If we're continuing at this point, that means we've verified we are looking at the unary encoding of a number greater than 2. We need to do this because 2 is the first number for which we need to check divisibility, and we don't want to say 2 is composite since 2 divides it. At this stage, we can write 11 (unary 2) on tape #2. If you like, you can do this as you are resetting the tape head as mentioned above. Otherwise, you can use some new states specifically for that part of the setup.

We are now looking at a TM configuration like this:

#1111111111111111111111#
 ^
#11#
 ^

We want to see if the number represented on the second tape evenly divides the number represented on the first tape. To do this, we can "cross out" numbers on the first tape repeatedly, in groups the size of the second tape, until we run out of numbers on the first tape. If we run out in the middle of crossing out a whole group, then the number represented on the first tape is not evenly divisible by the number represented on the second tape, and we can proceed to check increasing numbers on the second tape. If we run out after having crossed out an entire group, then it is evenly divisible by a number other than 1 and itself, so we can halt-reject as the number is not prime. Processing our example would look like:

=>   #1111111#   =>   #x111111#   =>   #xx11111#   =>   #xx11111#
      ^                 ^                 ^                ^
     #11#             #11#             #11#             #11#
      ^                 ^                 ^               ^

=>   #xx11111#   =>   #xx11111#   =>   #xx11111#   =>   #xxx1111#
        ^                ^                ^                 ^
     #11#             #11#             #11#             #11#
      ^               ^                 ^                 ^

=>   #xxxx111#   =>  ... reset    =>   #xxxx111#   =>   ... cross
          ^           tape 2                ^            off another
     #11#             back to          #11#              pair of 1s
        ^             head ...          ^               ...
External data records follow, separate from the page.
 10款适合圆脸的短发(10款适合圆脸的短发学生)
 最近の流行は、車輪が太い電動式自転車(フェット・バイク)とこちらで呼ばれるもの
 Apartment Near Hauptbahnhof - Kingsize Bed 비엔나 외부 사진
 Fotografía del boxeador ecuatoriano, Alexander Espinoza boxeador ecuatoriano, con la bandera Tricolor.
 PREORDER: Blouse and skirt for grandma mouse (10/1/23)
=>   #xxxxxx1#   =>   #xxxxxxx#
            ^                 ^
     #11#             #11#
      ^                 ^

At this stage we see a 1 on the second tape and a blank on the first tape; this means the number was not divisible by our current guess. If we had seen blank/blank, we could have halt-rejected immediately. Instead, we need to continue checking larger possible divisors. At this stage we need to:

1. reset the first tape head to the beginning of the input, replacing x's with 1's again.
2. add an extra 1 to the second tape head to increment its value, then reset the head to the beginning of its value.
3. repeat the divisibility check described above.
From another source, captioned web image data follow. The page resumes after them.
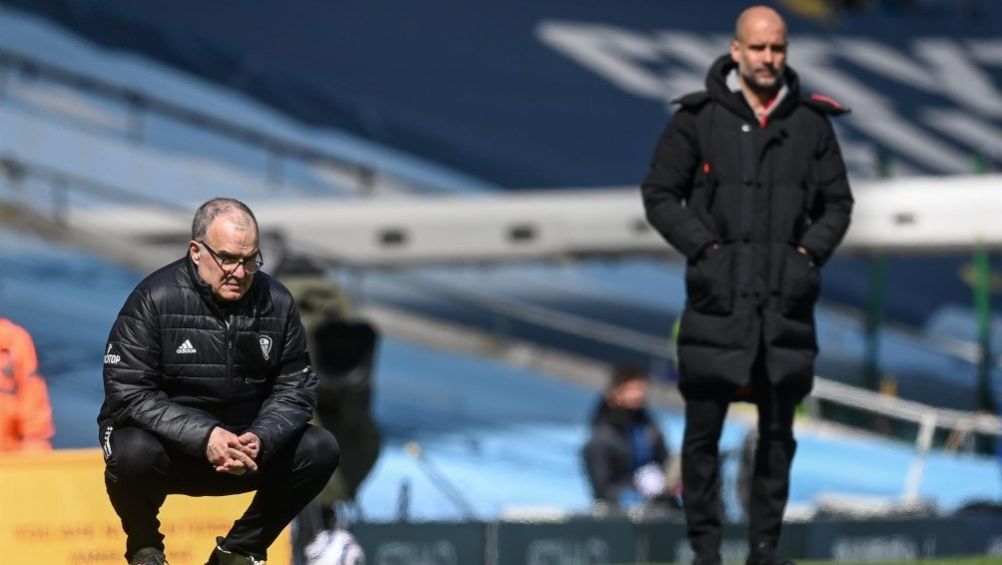 Marcelo Bielsa y Pep Guardiola dirigiendo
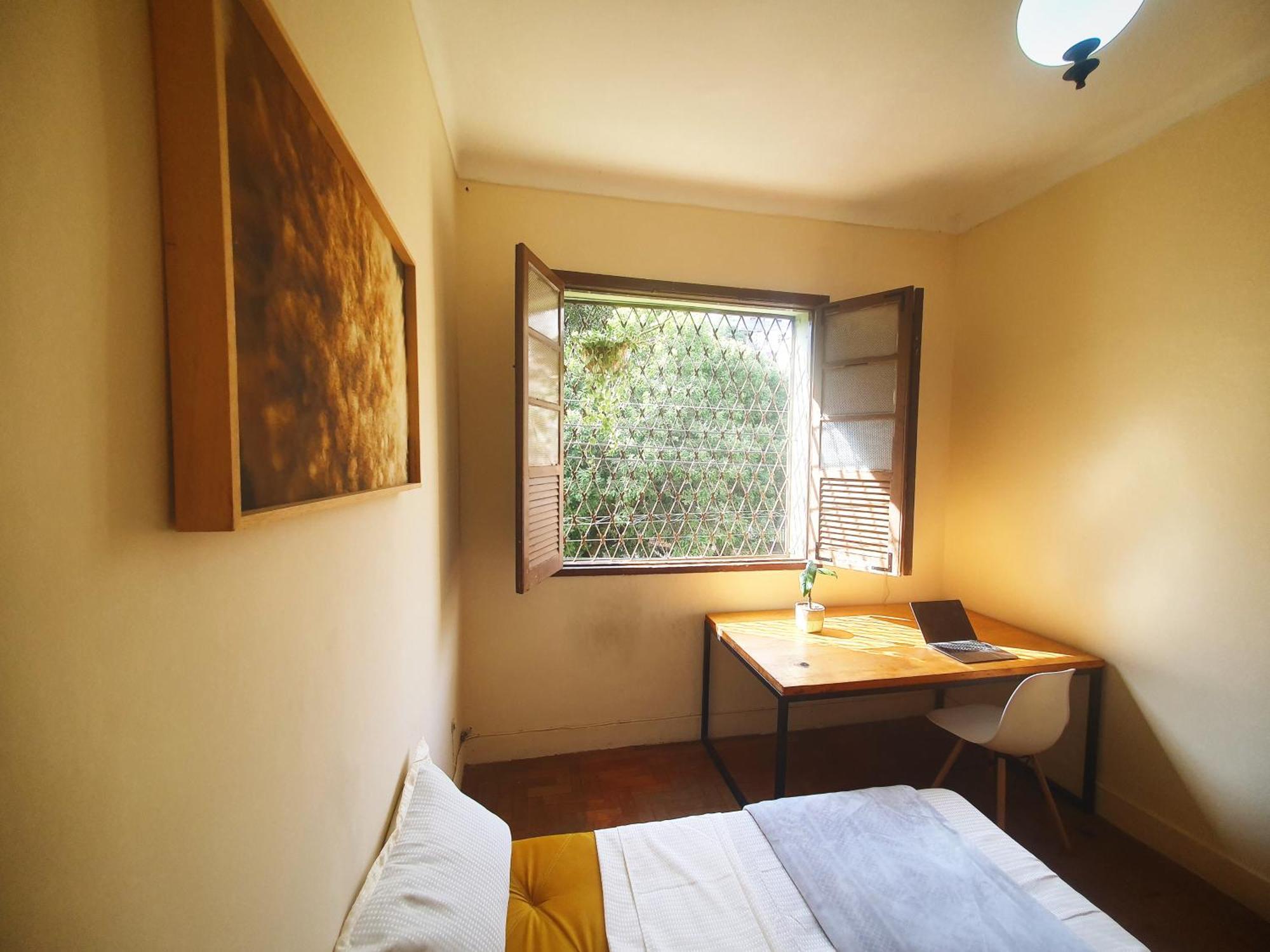 Casal Com Janela Casa Caramel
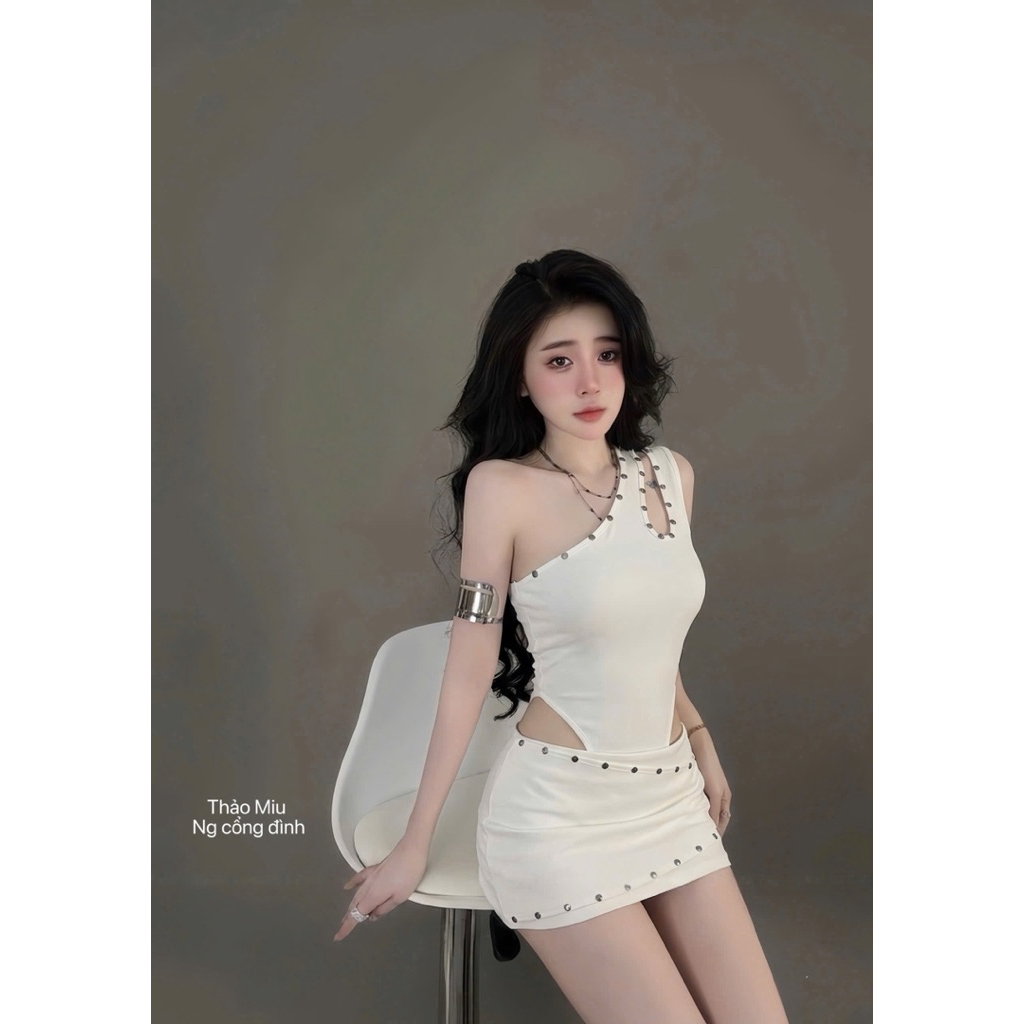 Set áo bodysuit dập đinh chân váy ôm ngắn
If we continue this process, we will eventually find a divisor of the number represented on the input tape, if that number is composite. As it is, however, we will currently halt-reject on prime numbers when the second tape increases to the same number as the input. We will then find that the prime number evenly divides itself. We need to check for this; a good place would be between steps 2 and 3 in the last set of 3 steps above, we can compare tapes #1 and #2 and see if they match exactly. this would be just like the divisibility check, but it would only cross off at most one copy of tape #2 from tape #1, and it would halt-accept if it got to blank/blank rather than halt-rejecting.

Obviously, there are a lot of details to fill out if you want to formally define the TM by giving its transition table. But, it can be done and a procedure like the one outlined here can be used to solve this problem. Again, this is not the most efficient way to solve this, but it is a way to solve it, which generally is good enough when looking for TMs for some problem.